Lots happened under Lapland’s continuous summer sun from Wednesday to Saturday. There was a thigh-slapping covers set from the village rock band in the sitting room of a private cottage; there was a performance of the suite from Stravinsky’s A Soldier’s Tale amid the clean lines of a public art gallery in a forest some miles away.
But I’ll leave with one show etched more deeply in my memory than any other. The Forest Project is a circus-dance-theatre-music piece that, in this particular incarnation, saw an audience of around 50 led through an ancient forest by Sade Kamppila and Viivi Roiha. The shamanistic, emotionally humid performance ends with both performers naked, hurling themselves at the forest’s peat and bracken after all manner of physical ordeals, kooky jokes and striking bodily contortions that illuminate an ancient Finnish philosophy. As we trudged back through the trees to the awaiting bus, the two women appeared once more: sat on a rocky outcrop in the distance, on the other side of a lake, singing and signalling to us over the small fire they’d built to dry themselves, far away enough to seem almost like an illusion.
The performers seemed like lovers slowly torn apart.

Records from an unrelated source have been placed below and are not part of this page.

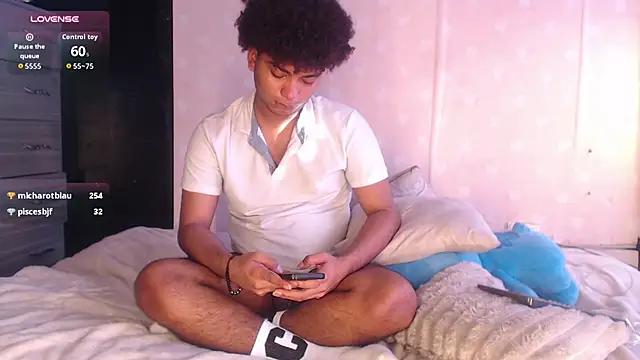 Chatroom XXX en direct de felipecams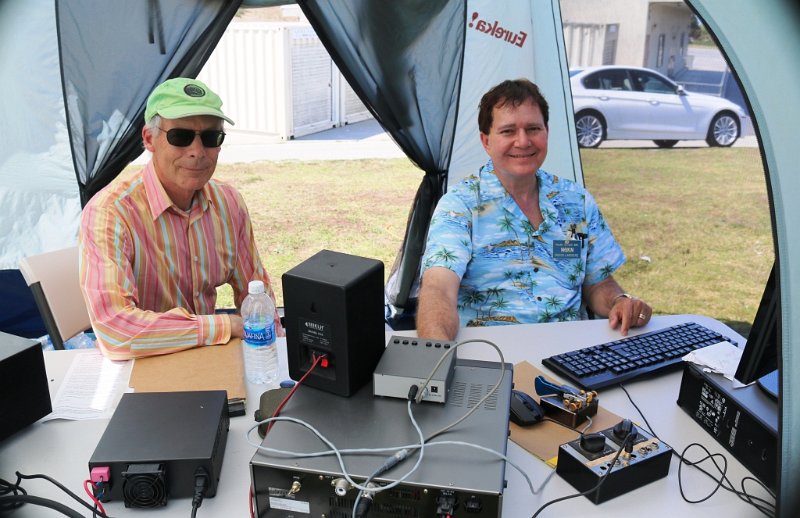 079a.jpg - Kel, W6KCV, and Rocco, N6KN, at CW station two minutes before end of FD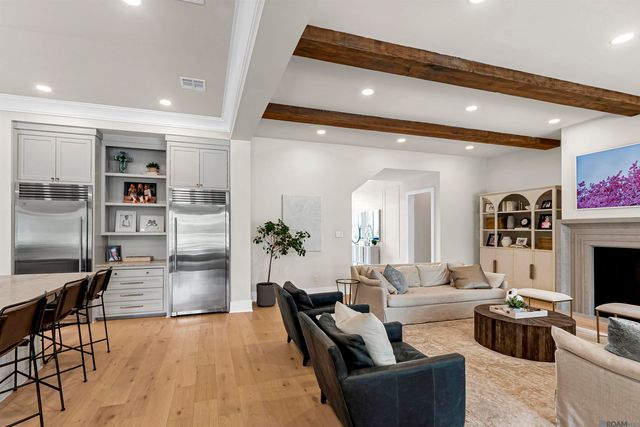 8126 Oakridge Dr, Baton Rouge, LA 70810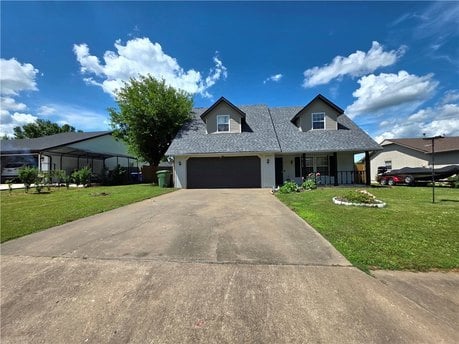 2705 W Sunset Dr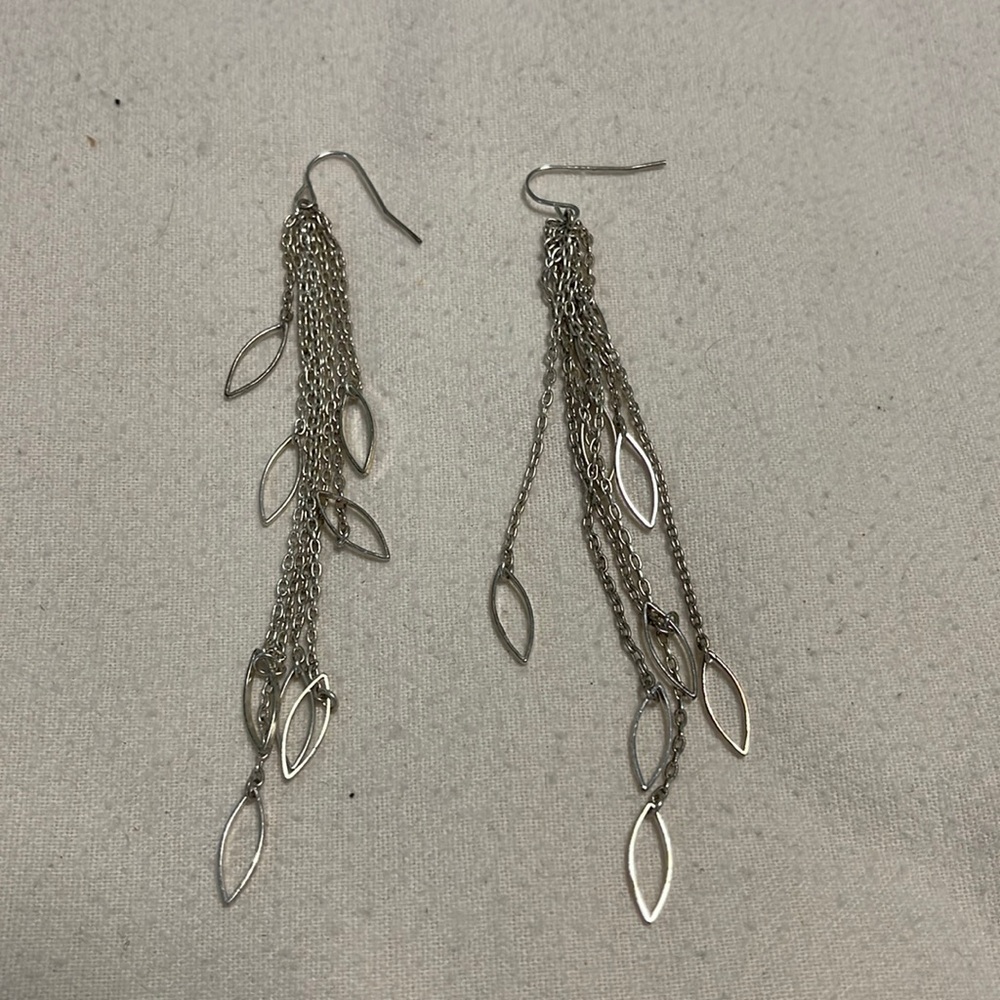 Silver asymmetrical length earrings*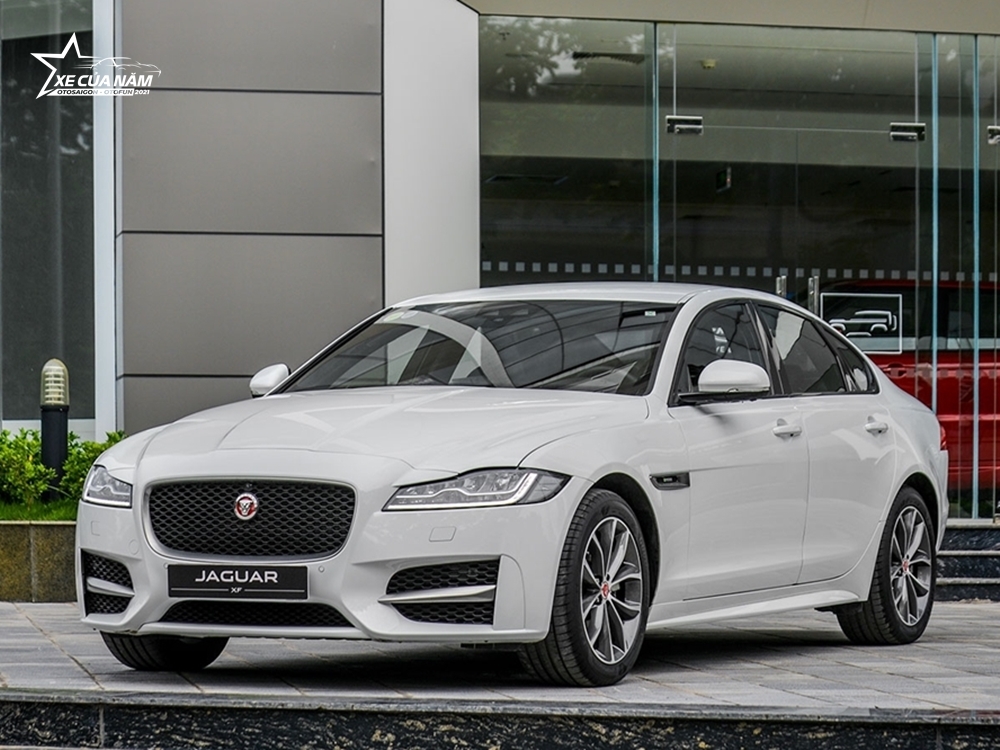 Xe của năm 2021: Sedan hạng sang cỡ trung Xe của năm 2021: Sedan hạng sang cỡ trung
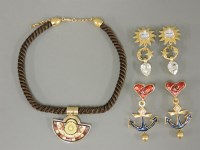 Lot 10 - A gold-plated Michaela Frey enamel necklace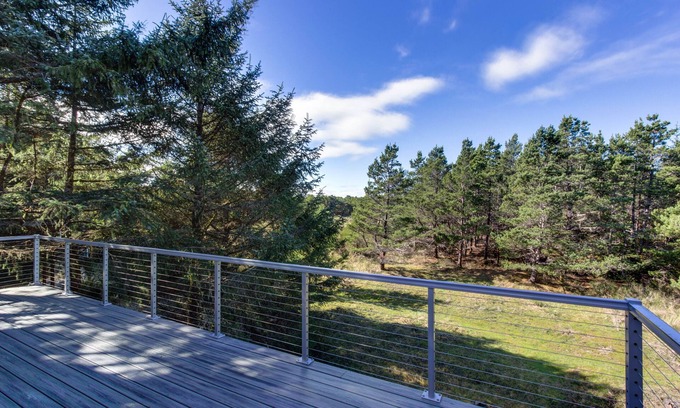 Neskowin House | Cozy Retreat with Full Kitchen & Easy Beach Access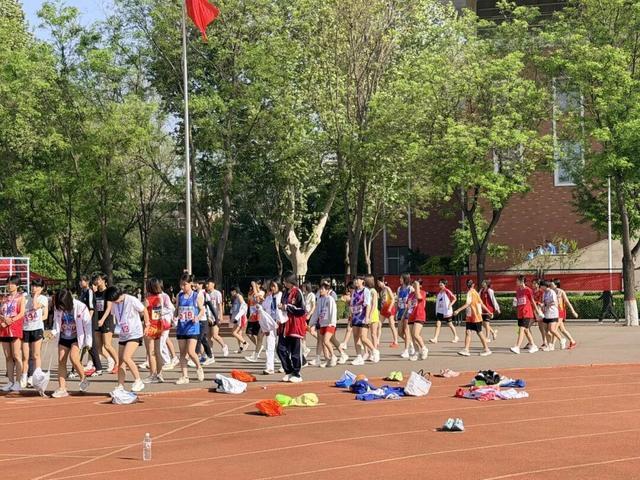 九游体育武安赛场连破9项市纪录！最燃的是这项尘封37年的成绩(图9)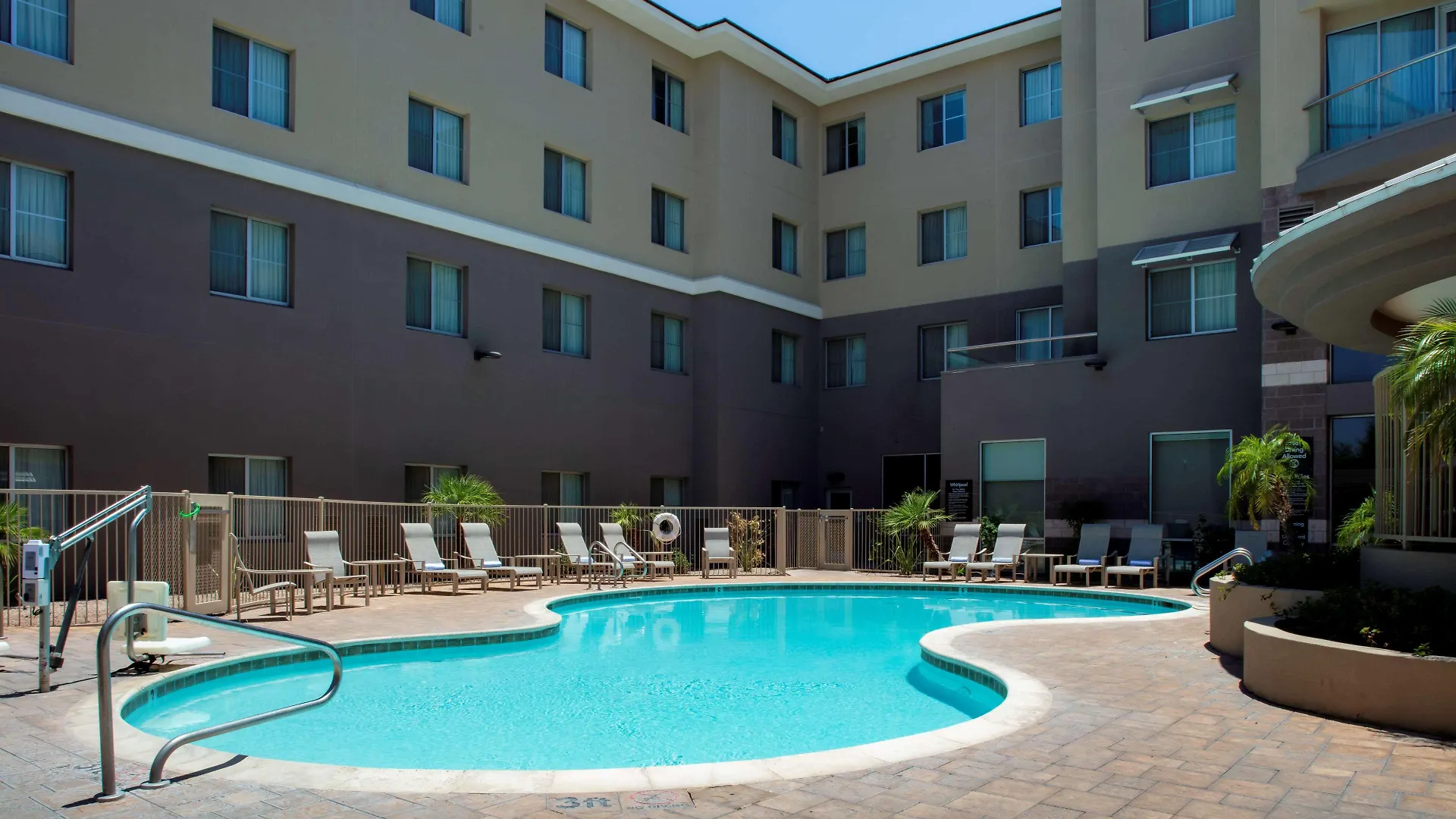 Homewood Suites By Hilton Phoenix Airport South США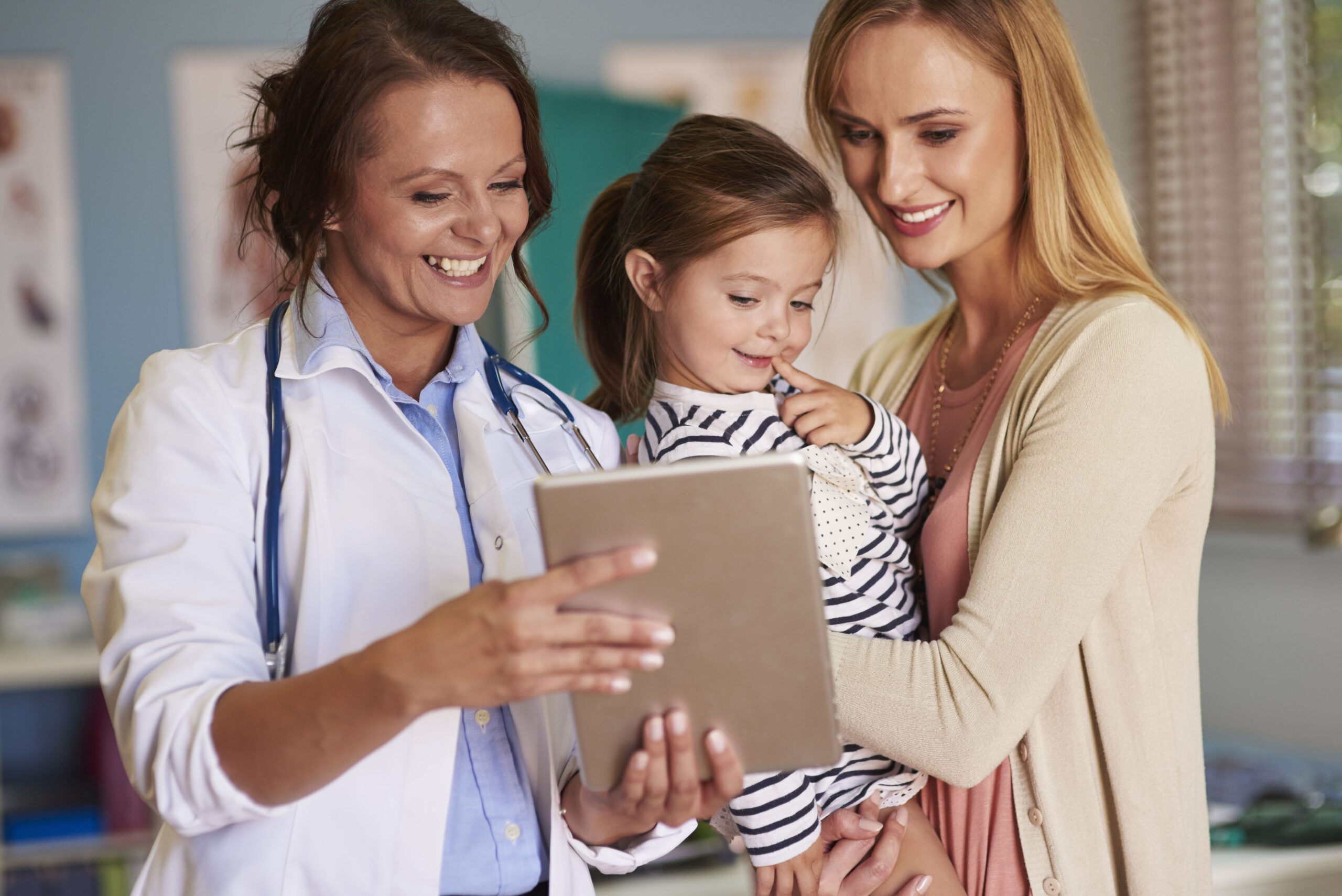 médica utilizando um software para pediatras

Now and then Silence Festival broke out of Kaukonen’s confines, mostly to the nearby town of Kittilä. In Kittilä’s small church bandoneón player Henrik Sandås played music from 20th-century Argentina, while poet Juha Rautio recited his own verse. You don’t need to understand a word of Finnish to be moved by the inbuilt northern music of Rautio’s words, nor the resonance of bittersweet Argentinean tango delivered in a country that has since made the form its own. At the end of Piazzolla’s La Familia, Sandås’s bandoneón appeared to unfurl the transfiguring cadence that ends Sibelius’s Tapiola. That might be how Piazzolla’s piece is written; it might not – I don’t care. I felt it as closely as the bandoneón’s breath.
In the opposite direction from Kaukonen is a woodland idyll commemorating the work and life of painter Reidar Särestöniemi. It was a busy 90 minutes here, starting with Outi Tarkiainen’s wind-blown Kunnes kivi halkeaa, dug purposefully into by violinist Minna Pensola, while Elice Abonce Muhonen was yanked up to the ceiling by her hair. In total, invigorating contrast, Alex Newton and Anthony Curt’s choreography for A Space In Between was urbane and poetic, danced by Emma Lister and Oliver Speers to music by Einojuhani Rautavaara, Toivo Kuula and an improvisation from the performing musicians Pensola and pianist Anna Laakso. Lister and Speers seemed like lovers slowly torn apart, set off by the raw power of the musicians.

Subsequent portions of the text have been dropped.